# [Task details]
From the first line to the last, return the data exactly as written.
• • • • •
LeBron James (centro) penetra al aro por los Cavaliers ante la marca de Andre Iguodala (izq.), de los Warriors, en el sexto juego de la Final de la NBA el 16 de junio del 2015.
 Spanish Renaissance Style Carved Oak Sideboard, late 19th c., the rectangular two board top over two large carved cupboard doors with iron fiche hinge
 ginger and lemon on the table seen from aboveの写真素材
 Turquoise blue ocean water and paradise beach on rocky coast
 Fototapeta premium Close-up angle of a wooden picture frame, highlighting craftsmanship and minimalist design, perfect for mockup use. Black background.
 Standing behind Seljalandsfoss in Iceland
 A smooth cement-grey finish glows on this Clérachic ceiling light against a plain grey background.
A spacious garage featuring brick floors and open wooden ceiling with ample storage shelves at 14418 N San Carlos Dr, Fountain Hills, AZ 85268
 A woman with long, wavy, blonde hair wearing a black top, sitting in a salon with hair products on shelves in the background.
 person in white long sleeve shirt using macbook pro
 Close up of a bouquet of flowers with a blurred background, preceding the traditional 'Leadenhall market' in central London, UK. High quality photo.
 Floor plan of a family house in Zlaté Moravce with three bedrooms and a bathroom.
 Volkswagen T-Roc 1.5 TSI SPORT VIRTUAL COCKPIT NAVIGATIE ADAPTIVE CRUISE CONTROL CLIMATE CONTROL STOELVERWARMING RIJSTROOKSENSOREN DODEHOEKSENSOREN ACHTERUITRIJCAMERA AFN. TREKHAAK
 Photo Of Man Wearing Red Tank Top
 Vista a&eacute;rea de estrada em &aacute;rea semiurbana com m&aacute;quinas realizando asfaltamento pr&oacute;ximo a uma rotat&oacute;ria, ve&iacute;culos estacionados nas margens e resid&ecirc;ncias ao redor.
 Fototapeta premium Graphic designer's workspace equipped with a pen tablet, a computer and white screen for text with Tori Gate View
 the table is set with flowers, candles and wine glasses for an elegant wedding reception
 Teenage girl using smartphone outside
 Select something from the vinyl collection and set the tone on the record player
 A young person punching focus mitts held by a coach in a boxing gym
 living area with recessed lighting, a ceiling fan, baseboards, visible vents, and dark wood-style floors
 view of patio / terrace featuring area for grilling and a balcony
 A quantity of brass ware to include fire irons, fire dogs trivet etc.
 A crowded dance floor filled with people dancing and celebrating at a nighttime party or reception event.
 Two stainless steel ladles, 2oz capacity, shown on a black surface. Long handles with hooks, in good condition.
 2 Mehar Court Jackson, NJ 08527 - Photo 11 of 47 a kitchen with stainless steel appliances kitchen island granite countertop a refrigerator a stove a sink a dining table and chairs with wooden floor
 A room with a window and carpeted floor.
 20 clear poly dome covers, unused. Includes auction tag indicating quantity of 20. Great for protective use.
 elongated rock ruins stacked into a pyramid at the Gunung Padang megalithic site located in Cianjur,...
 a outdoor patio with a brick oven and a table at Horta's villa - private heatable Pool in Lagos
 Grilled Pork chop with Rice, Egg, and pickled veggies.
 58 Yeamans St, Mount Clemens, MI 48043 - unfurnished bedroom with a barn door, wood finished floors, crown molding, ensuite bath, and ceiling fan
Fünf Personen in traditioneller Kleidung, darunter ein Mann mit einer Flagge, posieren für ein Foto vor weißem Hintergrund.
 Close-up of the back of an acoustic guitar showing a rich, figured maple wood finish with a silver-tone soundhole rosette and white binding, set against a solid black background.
• • • • •
# [Result of this exercise]
LeBron James (centro) penetra al aro por los Cavaliers ante la marca de Andre Iguodala (izq.), de los Warriors, en el sexto juego de la Final de la NBA el 16 de junio del 2015.
 Spanish Renaissance Style Carved Oak Sideboard, late 19th c., the rectangular two board top over two large carved cupboard doors with iron fiche hinge
 ginger and lemon on the table seen from aboveの写真素材
 Turquoise blue ocean water and paradise beach on rocky coast
 Fototapeta premium Close-up angle of a wooden picture frame, highlighting craftsmanship and minimalist design, perfect for mockup use. Black background.
 Standing behind Seljalandsfoss in Iceland
 A smooth cement-grey finish glows on this Clérachic ceiling light against a plain grey background.
A spacious garage featuring brick floors and open wooden ceiling with ample storage shelves at 14418 N San Carlos Dr, Fountain Hills, AZ 85268
 A woman with long, wavy, blonde hair wearing a black top, sitting in a salon with hair products on shelves in the background.
 person in white long sleeve shirt using macbook pro
 Close up of a bouquet of flowers with a blurred background, preceding the traditional 'Leadenhall market' in central London, UK. High quality photo.
 Floor plan of a family house in Zlaté Moravce with three bedrooms and a bathroom.
 Volkswagen T-Roc 1.5 TSI SPORT VIRTUAL COCKPIT NAVIGATIE ADAPTIVE CRUISE CONTROL CLIMATE CONTROL STOELVERWARMING RIJSTROOKSENSOREN DODEHOEKSENSOREN ACHTERUITRIJCAMERA AFN. TREKHAAK
 Photo Of Man Wearing Red Tank Top
 Vista a&eacute;rea de estrada em &aacute;rea semiurbana com m&aacute;quinas realizando asfaltamento pr&oacute;ximo a uma rotat&oacute;ria, ve&iacute;culos estacionados nas margens e resid&ecirc;ncias ao redor.
 Fototapeta premium Graphic designer's workspace equipped with a pen tablet, a computer and white screen for text with Tori Gate View
 the table is set with flowers, candles and wine glasses for an elegant wedding reception
 Teenage girl using smartphone outside
 Select something from the vinyl collection and set the tone on the record player
 A young person punching focus mitts held by a coach in a boxing gym
 living area with recessed lighting, a ceiling fan, baseboards, visible vents, and dark wood-style floors
 view of patio / terrace featuring area for grilling and a balcony
 A quantity of brass ware to include fire irons, fire dogs trivet etc.
 A crowded dance floor filled with people dancing and celebrating at a nighttime party or reception event.
 Two stainless steel ladles, 2oz capacity, shown on a black surface. Long handles with hooks, in good condition.
 2 Mehar Court Jackson, NJ 08527 - Photo 11 of 47 a kitchen with stainless steel appliances kitchen island granite countertop a refrigerator a stove a sink a dining table and chairs with wooden floor
 A room with a window and carpeted floor.
 20 clear poly dome covers, unused. Includes auction tag indicating quantity of 20. Great for protective use.
 elongated rock ruins stacked into a pyramid at the Gunung Padang megalithic site located in Cianjur,...
 a outdoor patio with a brick oven and a table at Horta's villa - private heatable Pool in Lagos
 Grilled Pork chop with Rice, Egg, and pickled veggies.
 58 Yeamans St, Mount Clemens, MI 48043 - unfurnished bedroom with a barn door, wood finished floors, crown molding, ensuite bath, and ceiling fan
Fünf Personen in traditioneller Kleidung, darunter ein Mann mit einer Flagge, posieren für ein Foto vor weißem Hintergrund.
 Close-up of the back of an acoustic guitar showing a rich, figured maple wood finish with a silver-tone soundhole rosette and white binding, set against a solid black background.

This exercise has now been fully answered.